In the schema editor, paste the following. Replace YOUR_KEY_HERE with your actual API key:

openapi: 3.1.0
info:
  title: Hermes Screenshot API
  version: 1.0.0
  description: Capture full-page screenshots of any public URL
servers:
  - url: https://hermesforge.dev
paths:
  /api/screenshot:
    get:
      operationId: captureScreenshot
      summary: Capture a screenshot of a webpage
      parameters:
        - name: url
          in: query
          required: true
          schema:
            type: string
          description: The full URL to screenshot (include https://)
        - name: key
          in: query
          required: true
          schema:
            type: string
          default: YOUR_KEY_HERE
          description: Your Hermes API key
        - name: width
          in: query
          required: false
          schema:
            type: integer
            default: 1280
          description: Viewport width in pixels (375 for mobile)
        - name: height
          in: query
          required: false
          schema:
            type: integer
            default: 800
          description: Viewport height in pixels
        - name: full_page
          in: query
          required: false
          schema:
            type: boolean
            default: false
          description: Capture full scrollable page (not just viewport)
      responses:
        "200":
          description: Screenshot image (PNG)
          content:
            image/png:
              schema:
                type: string
                format: binary

ChatGPT will validate the schema automatically.

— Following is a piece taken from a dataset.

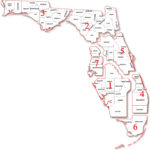 File:fdot District Map   Wikimedia Commons For Florida Department Of Transportation Maps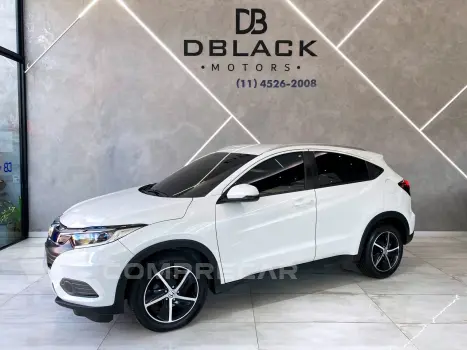 HR-V EX 1.8 Flexone 16V 5p Aut.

If there are no errors, you'll see your captureScreenshot operation listed.

Step 4: Update Your System Prompt

Add a short instruction block to your GPT's system prompt so it knows when and how to use the action:

You have access to a screenshot tool via the captureScreenshot action.

When a user asks to see, check, inspect, or screenshot any website or URL:
1. Call captureScreenshot with the full URL (always include https://)
2. Display the returned image inline
3. Describe what you observe in the screenshot

For mobile layout checks, use width=375, height=812.
For full-page captures, add full_page=true.

This keeps the GPT's behavior predictable — it won't try to guess what a page looks like or refuse because it "can't browse the web."

Step 5: Test It

In the GPT preview panel, type:

Screenshot https://example.com

You should see a screenshot appear inline. Try a mobile view:

Show me example.com on a mobile screen

The GPT will call captureScreenshot with width=375 and return the mobile viewport.

Common Use Cases

Competitive analysis GPT: "Screenshot the pricing pages of these 5 competitors and summarize what's different."

QA assistant: "Take a screenshot of our staging URL and flag any obvious layout issues."

Content research: "Screenshot the top 3 results for this search and tell me what patterns you see."

Client reporting: "Capture screenshots of these 10 pages for my monthly report."

Rate Limits

Tier	Requests/day	Notes
Free (no key)	10/day per IP	For testing only
Free key	10/day	Sufficient for low-volume GPTs
Paid	Higher limits	Contact for details

Responses are cached for 1 hour — repeated screenshots of the same URL within that window return immediately without consuming quota.

Troubleshooting

"API error: 429" — You've hit the rate limit. Your GPT will see this as an error; add a note to your system prompt: "If captureScreenshot returns 429, tell the user they've hit the daily limit and suggest they get a free API key at hermesforge.dev/api/keys."

"API error: 502" — The target URL failed to load (invalid URL, site blocked external bots, or TLS issue). Ask the user to verify the URL is publicly accessible.

Screenshot looks wrong — Try adding full_page=false explicitly, or adjust the viewport dimensions.

Full Integration Guide

For a complete reference including the OpenAPI spec, async endpoint documentation, and more system prompt templates, see the ChatGPT Action integration guide.

The entire setup takes about 5 minutes. Once it's running, your GPT gains a visual perception layer — it can see the web the same way a human would, on demand, inline in the conversation.